## Work required
Could you give the entries again, exactly as written?
---------- Material provided
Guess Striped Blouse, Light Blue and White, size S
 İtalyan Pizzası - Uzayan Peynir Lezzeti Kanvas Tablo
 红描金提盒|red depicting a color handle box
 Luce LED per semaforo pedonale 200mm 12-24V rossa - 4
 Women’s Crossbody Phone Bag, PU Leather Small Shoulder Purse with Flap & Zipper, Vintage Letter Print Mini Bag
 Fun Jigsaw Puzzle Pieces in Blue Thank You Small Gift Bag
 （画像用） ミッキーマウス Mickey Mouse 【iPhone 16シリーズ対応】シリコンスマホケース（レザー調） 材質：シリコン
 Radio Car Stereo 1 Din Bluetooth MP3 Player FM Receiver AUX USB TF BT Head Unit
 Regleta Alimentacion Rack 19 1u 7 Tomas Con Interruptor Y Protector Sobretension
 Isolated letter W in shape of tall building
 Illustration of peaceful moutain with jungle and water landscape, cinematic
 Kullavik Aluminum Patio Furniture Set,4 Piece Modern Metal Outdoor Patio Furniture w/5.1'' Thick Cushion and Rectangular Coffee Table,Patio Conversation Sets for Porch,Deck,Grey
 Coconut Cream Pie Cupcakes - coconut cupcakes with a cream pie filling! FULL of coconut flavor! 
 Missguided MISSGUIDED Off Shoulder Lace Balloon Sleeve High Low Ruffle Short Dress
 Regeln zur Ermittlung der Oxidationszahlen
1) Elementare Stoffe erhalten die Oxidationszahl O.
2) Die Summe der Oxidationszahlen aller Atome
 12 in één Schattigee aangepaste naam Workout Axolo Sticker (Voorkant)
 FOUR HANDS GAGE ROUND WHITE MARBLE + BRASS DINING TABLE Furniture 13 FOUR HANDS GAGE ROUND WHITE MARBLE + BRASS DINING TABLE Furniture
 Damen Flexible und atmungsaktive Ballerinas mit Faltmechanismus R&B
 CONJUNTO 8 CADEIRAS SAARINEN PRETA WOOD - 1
--------------------
## Response box
Guess Striped Blouse, Light Blue and White, size S
 İtalyan Pizzası - Uzayan Peynir Lezzeti Kanvas Tablo
 红描金提盒|red depicting a color handle box
 Luce LED per semaforo pedonale 200mm 12-24V rossa - 4
 Women’s Crossbody Phone Bag, PU Leather Small Shoulder Purse with Flap & Zipper, Vintage Letter Print Mini Bag
 Fun Jigsaw Puzzle Pieces in Blue Thank You Small Gift Bag
 （画像用） ミッキーマウス Mickey Mouse 【iPhone 16シリーズ対応】シリコンスマホケース（レザー調） 材質：シリコン
 Radio Car Stereo 1 Din Bluetooth MP3 Player FM Receiver AUX USB TF BT Head Unit
 Regleta Alimentacion Rack 19 1u 7 Tomas Con Interruptor Y Protector Sobretension
 Isolated letter W in shape of tall building
 Illustration of peaceful moutain with jungle and water landscape, cinematic
 Kullavik Aluminum Patio Furniture Set,4 Piece Modern Metal Outdoor Patio Furniture w/5.1'' Thick Cushion and Rectangular Coffee Table,Patio Conversation Sets for Porch,Deck,Grey
 Coconut Cream Pie Cupcakes - coconut cupcakes with a cream pie filling! FULL of coconut flavor! 
 Missguided MISSGUIDED Off Shoulder Lace Balloon Sleeve High Low Ruffle Short Dress
 Regeln zur Ermittlung der Oxidationszahlen
1) Elementare Stoffe erhalten die Oxidationszahl O.
2) Die Summe der Oxidationszahlen aller Atome
 12 in één Schattigee aangepaste naam Workout Axolo Sticker (Voorkant)
 FOUR HANDS GAGE ROUND WHITE MARBLE + BRASS DINING TABLE Furniture 13 FOUR HANDS GAGE ROUND WHITE MARBLE + BRASS DINING TABLE Furniture
 Damen Flexible und atmungsaktive Ballerinas mit Faltmechanismus R&B
 CONJUNTO 8 CADEIRAS SAARINEN PRETA WOOD - 1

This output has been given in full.